Patrick Carnegy: Wagner and the Art of the Theatre
"My book is an attempt to answer the question, 'Why is it a good thing that operas can and should be done in very different ways?"
Patrick Carnegy to The Guardian
The production of Wagner’s operas is fiercely debated. In this groundbreaking stage history Patrick Carnegy vividly evokes the—often scandalous—great productions that have left their mark not only on our understanding of Wagner but on modern theatre as a whole. He examines the way in which Wagner himself staged his works, showing that the composer remained dissatisfied with even the best of his productions.
After Wagner’s death the scenic challenge was taken up by the Swiss visionary Adolphe Appia, by Gustav Mahler and Alfred Roller in Vienna, and by Otto Klemperer and Ewald Dülberg in Berlin. In Russia the Bolsheviks reinvented Wagner as a social revolutionary, while cinema left its indelible imprint on the Wagnerian stage with Eisenstein’s Die Walküre in Moscow in 1940.
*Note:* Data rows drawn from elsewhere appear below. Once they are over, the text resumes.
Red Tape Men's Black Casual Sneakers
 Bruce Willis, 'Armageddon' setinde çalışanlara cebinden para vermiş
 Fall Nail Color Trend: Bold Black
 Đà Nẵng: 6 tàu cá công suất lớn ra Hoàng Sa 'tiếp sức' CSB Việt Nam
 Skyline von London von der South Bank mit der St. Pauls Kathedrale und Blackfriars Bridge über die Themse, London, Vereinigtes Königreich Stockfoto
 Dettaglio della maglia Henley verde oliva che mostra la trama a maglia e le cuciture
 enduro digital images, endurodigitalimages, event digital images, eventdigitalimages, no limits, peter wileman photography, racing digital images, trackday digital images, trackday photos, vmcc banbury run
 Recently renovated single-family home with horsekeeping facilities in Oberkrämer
Hitler famously appropriated Wagner for his own ends. Patrick Carnegy unscrambles the interaction of politics and stage production, describing how post-war German directors sought a way to bury the uncomfortable past. The book concludes with a critique of the iconoclastic interpretations by Patrice Chéreau, Ruth Berghaus, and Hans-Jürgen Syberberg.
"People who say that Wagner knew exactly how he wanted his works produced - so what right have you to stage the Ring on Mars or down a salt mine - are wrong," he says. "Wagner was precise [in his stage directions] because the theatrical world into which he launched his works was a total mess, and the quality was very poor. The reason he took such trouble was defensive: it wasn't so much that he knew what he wanted, but he jolly well knew what he didn't want."
Patrick Carnegy to The Guardian
Patrick Carnegy on the Bayreuth Festival
Patrick Carnegy first came to Bayreuth as a young critic in 1967. "I was bowled over," he said to The Guardian. "It was the year after Wieland Wagner had died; to be able to see his productions was a total knock-out. These bare stagings, where everything was done with lighting. The light changed with the music, and the shadows and patterns seemed as archetypal as the music itself. Nobody had done that on the stage before. I thought it was extraordinary and wonderful."